The series MAY or MAY NOT be convergent.

Comparison Test
*Note* This series only contains positive terms*
From the looks of it, I'm going to GUESS that this series DIVERGES.
[tex]a_{n} = \frac{3}{n^{1+\frac{1}{n}}}, b_{n} = \frac{1}{n}[/tex]
[tex]a_{n} \geq b_{n}[/tex]

Since the series is [tex]\sum^{\infty}_{n=1} \frac{1}{n}[/tex], it is a p-series and it diverges because p [tex]\leq[/tex] 1.

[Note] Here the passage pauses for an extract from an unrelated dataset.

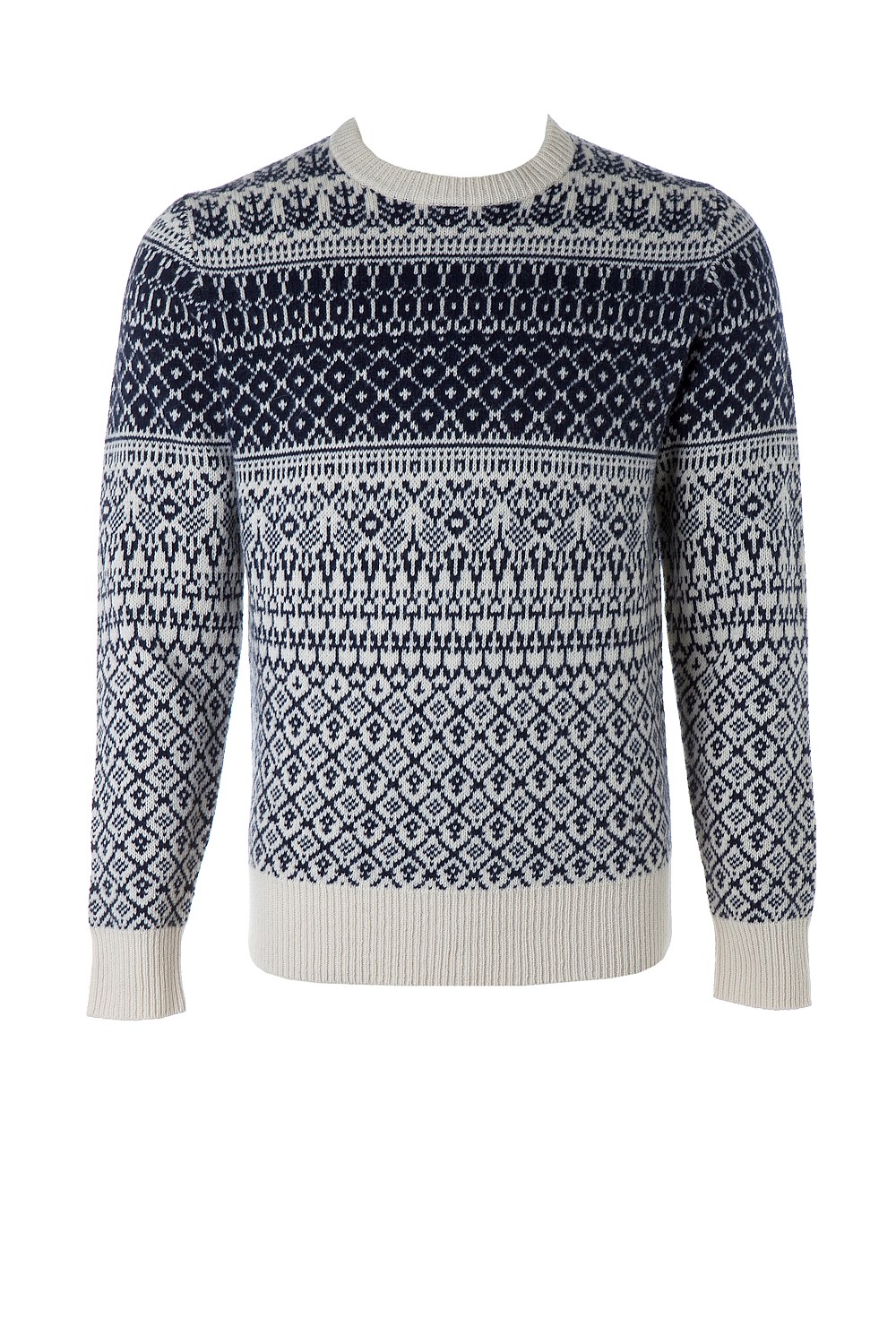 Jacquard Crew Neck Knit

By the Comparison Test, [tex]\sum^{\infty}_{n=1}\frac{3}{n\sqrt[n]{n}}[/tex] also diverges.

Limit Comparison Test

From the looks of it, I'm going to GUESS that this series DIVERGES.
*Note* This series only contains positive terms*
[tex]a_{n} = \frac{3}{n^{1+\frac{1}{n}}}, b_{n} = \frac{1}{n}[/tex]

limit n->infinity [tex]\frac{\frac{3}{n^{\frac{n+1}{n}}}}{\frac{1}{n}}[/tex]

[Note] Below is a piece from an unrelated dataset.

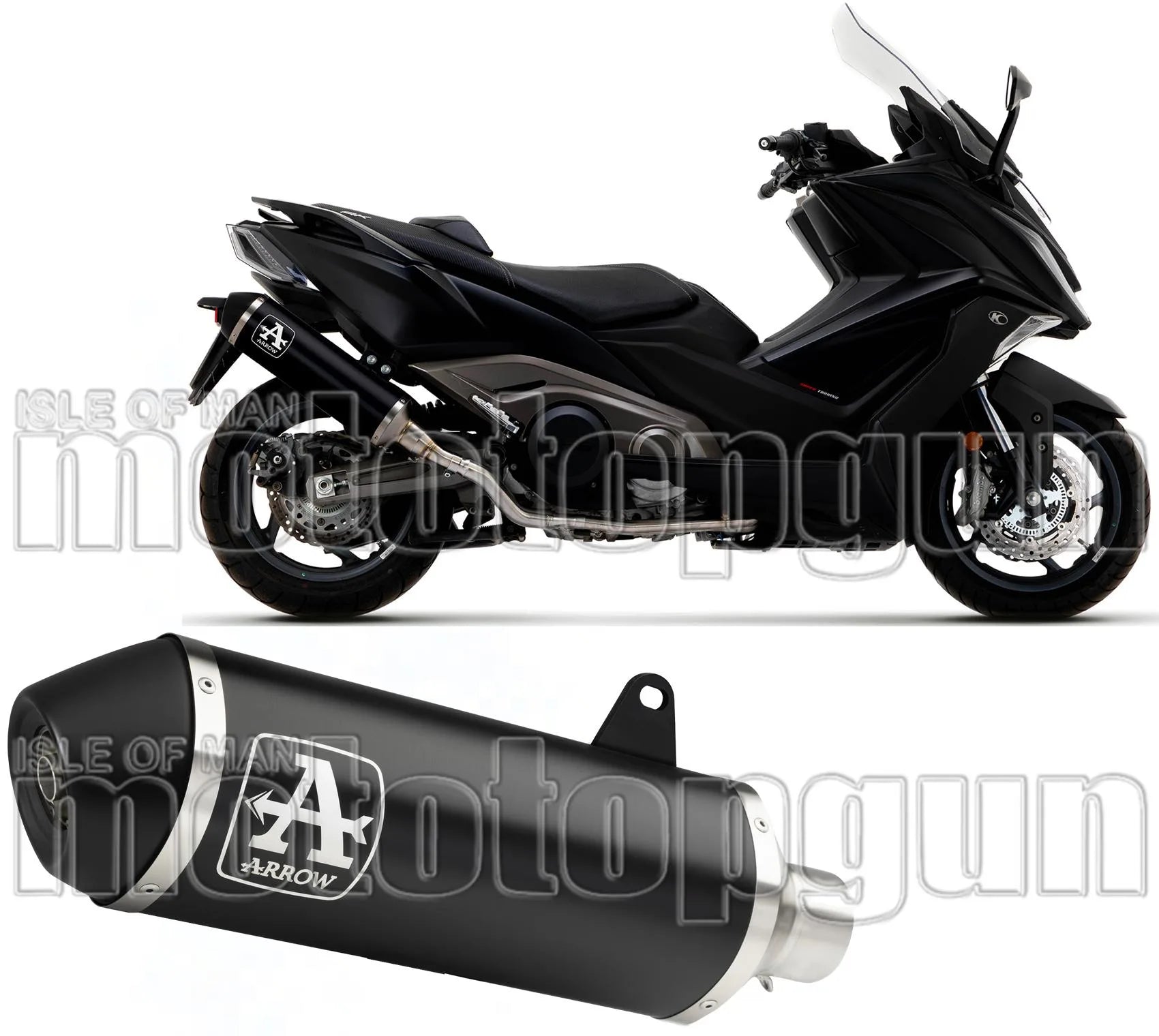 Catalytic Exhaust Tip With Sound Certification Urban Black Aluminium Stainless Steel - Arrow Special Parts Compatible With Kymco Ak 550 (2021-2026)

limit n->infinity [tex]\frac{3n}{n^{\frac{n+1}{n}}}}[/tex]

limit n->infinity [tex]\frac{3}{n^{\frac{1}{n}}}}[/tex]

limit n->infinity [tex]0[/tex]


By the Limit Comparison Test, [tex]\sum^{\infty}_{n=1}\frac{3}{n\sqrt[n]{n}}[/tex] is divergent since 0 > 0.

My questions:
Did I pick the right [tex]b_{n}[/tex]? If not, what did I do wrong in picking [tex]b_{n}[/tex]?
Any hints for picking the proper [tex]b_{n}[/tex]?
Was there a step that I missed or was unclear?

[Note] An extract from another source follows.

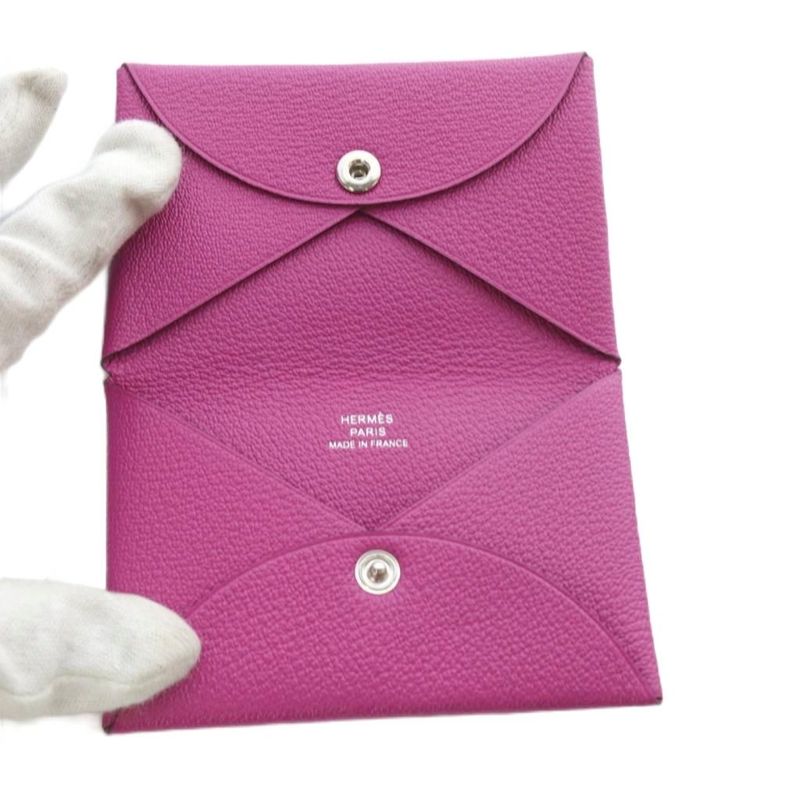 Hermes Calvi Duo Pass Case Coin Case Coin Case Coin Purse Chevre Rose Purple W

As always, any and all help is appreciated and will be greatly thanked! =) (I'm getting a 96% in Calc II thanks to the help I am receiving from this community in understanding concepts! [Nailed a 56/60 on a 20% exam!])

Sincerely,

NastyAccident.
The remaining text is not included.